(DATA EXTRACT)

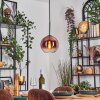 Koyoto Lampadario a sospensione, Lampada a sfera, Lampada a sospensione Chiaro, Ramato, 1-Luce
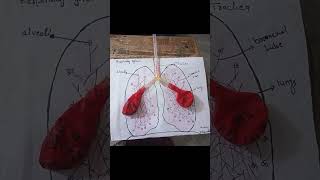 Lungs respiratory system muskanstudyworld respiratorysystem [upl. by Enitsenrae]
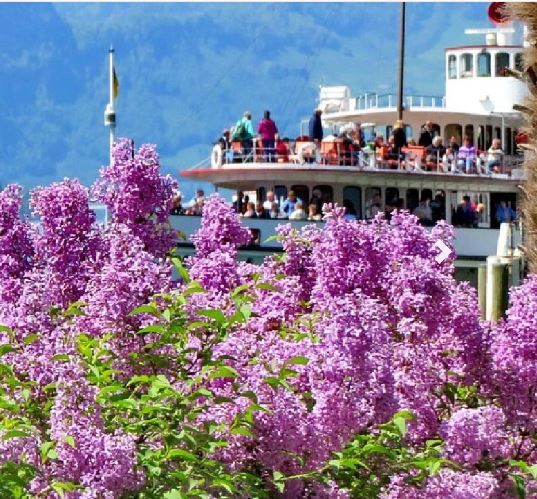 Navigazione sul Lago di Quattro Cantoni con cespugli di lillà in fiore sullo sfondo.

(End DATA EXTRACT)

**WHAT THIS TASK INVOLVES**
Everything in the material above must be repeated exactly, apart from its pictures.

**FINISHED TASK**
 Koyoto Lampadario a sospensione, Lampada a sfera, Lampada a sospensione Chiaro, Ramato, 1-Luce
 Lungs respiratory system muskanstudyworld respiratorysystem [upl. by Enitsenrae]
 Navigazione sul Lago di Quattro Cantoni con cespugli di lillà in fiore sullo sfondo.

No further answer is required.